Cognitive restructuring of behaviors through moral justification and palliative characterizations is the most effective psychological mechanism for promoting destructive conduct. (172)

 

                Albert Bandura. "Mechanisms of moral disengagement. " Origins of Terrorism. Ed. Walter Reich.

                Washington, D C: Woodrow Wilson Center Press, 1998. 161-191.

 

 

If you are an American of a certain age and ethnic group, it is possible to reread Bill Gunn's Black Picture Show (Berkeley: Reed, Cannon and Johnson, 1975) and have an overdose of nostalgia . There actually was a time when every movement or word was not a performance?  The poetic language of Gunn's play reminds you it was once possible to discriminate what was pretense from what was intended to be serious.  Contemporary culture minimizes such discrimination.  The world is not like a stage; the world is a stage.  The Renaissance metaphor has lost its charm.  The metaphor is plain, ugly fact.

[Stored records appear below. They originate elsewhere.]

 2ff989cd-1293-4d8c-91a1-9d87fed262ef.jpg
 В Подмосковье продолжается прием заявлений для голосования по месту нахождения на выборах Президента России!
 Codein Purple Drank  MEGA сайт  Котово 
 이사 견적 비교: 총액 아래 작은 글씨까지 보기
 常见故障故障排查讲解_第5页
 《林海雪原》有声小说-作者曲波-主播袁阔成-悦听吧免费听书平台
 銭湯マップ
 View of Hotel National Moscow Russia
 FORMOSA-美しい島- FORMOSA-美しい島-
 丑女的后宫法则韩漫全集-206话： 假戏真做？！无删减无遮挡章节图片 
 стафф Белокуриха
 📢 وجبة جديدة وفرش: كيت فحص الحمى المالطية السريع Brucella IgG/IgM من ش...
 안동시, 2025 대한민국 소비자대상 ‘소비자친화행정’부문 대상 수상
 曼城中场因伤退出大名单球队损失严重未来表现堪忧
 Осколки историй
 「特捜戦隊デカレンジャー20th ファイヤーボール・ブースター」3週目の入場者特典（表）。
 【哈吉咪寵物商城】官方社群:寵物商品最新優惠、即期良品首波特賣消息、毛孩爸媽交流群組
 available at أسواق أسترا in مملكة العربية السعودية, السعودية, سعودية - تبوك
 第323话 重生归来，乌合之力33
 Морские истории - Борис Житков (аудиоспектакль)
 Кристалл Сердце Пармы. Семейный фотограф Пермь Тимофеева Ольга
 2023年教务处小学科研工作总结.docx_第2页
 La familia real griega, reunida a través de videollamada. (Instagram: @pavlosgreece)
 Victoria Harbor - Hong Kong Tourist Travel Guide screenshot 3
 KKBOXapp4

Under these circumstances, your rereading of the play is a performance, an involuntary admission that what Black Picture Show depicts is the thin line between the insanity of what is normal in 2016 and recognition, possible way back  in 1975,  that certain abnormal entrapments were  not alien in the worlds of American theatre. Over a period of forty years, the rules of the game you play with race cards have changed very little.  Assisted by technological changes and American moral regression, the rules have become more deadly.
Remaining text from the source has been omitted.